I'm now giving myself around two hours to dedicate to only my second edition of Tuesday's Travel. Commitment just ain't my thing, I'm working on it.
So here is what I came up with....
I'm sitting outside on the first +60 degree day of the winter. It's winter still right? Least it use to be. I decided to use my excuse as a reason to go make myself write. A college psych major might say it's reverse psychology, but I wouldn't take his word as solid gold.
I'm just going to come out and say this... This is really awkward for me to do. To sit and and try to write about my experiences 'traveling' and 'living.' I want to be able to sit down at any moment and have the juice pour out. But it doesn't always work for me like that. It comes in spurts or not at all. And, honestly... sometimes language just doesn't suffice. It can't, it won't, and it shouldn't. Then there are times when memory turns to tears in our eyes and illuminate us from within.
When I was in India I met a man. He was from Munnar. His name was Vijay. I know exactly where you can find him. I was studying at Christ College and our group of westerners where on a very guided tour around the southern state of Kerala. I was in Karnataka, to the north, and Kerala is vastly different of a place. Everything from the terrain to the people changed. We'd taken an overnight train leaving the busy dusty city of Bangalore and woke up in the rural lust landscape of southern palm trees and scaffolding jungled hills. That's where Vijay lives. In the mountains, at the very top hill station surrounded by miles of tea, cardamon, and black pepper growing fields.1*
Vijay was hired to take a bunch of less than fit Americans on a trek (hiking excursion) down into a river basin.. The spring season dried up most of the valley and the seasonal rushing river in gave in, leaving a waterfall to hold its place until the coming monsoon season.

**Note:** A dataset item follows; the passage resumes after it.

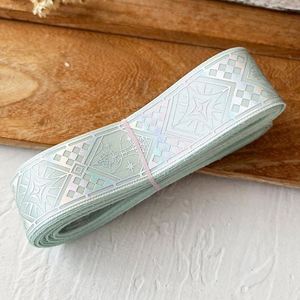 Ruban en satin holographique géométrique étoilé de 2,5 cm, couleur personnalisée, pour embellissement de boîte cadeau Fairycore, 20 yards/rouleau - Product Image 3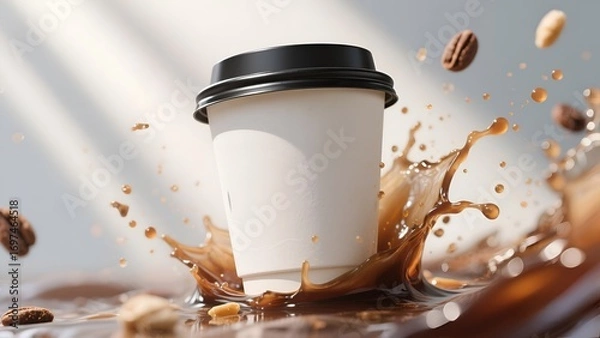 Obraz Realistic Mockup Coffee Cup with Dynamic Splash and Flying Ingredients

He loved his home. "So far from horns, crowds, biting dogs," he told me as others took off exploring and bouldering on the riverbed rocks. "He there is peace, community, and here there is mountains full of life that always give something new to be seen."
There is no way of explaining the sense of ease I had in that moment. There is no strum of words I can muster to convey how much that moment; standing in the middle of the Indian jungle, having a truly relatable and wholesome conversation about the mountains, with Vijay. It's just something I'll never forget; the sense of divine serendipity of that dreams and fantasized projections from my younger years were occurring before me.
You have to make decisions in your life. Whether to stay or to go. To stay in the same place or go wherever it is that you've seen yourself. It's a choice, but once you decide to go, you only have to make sure you get there.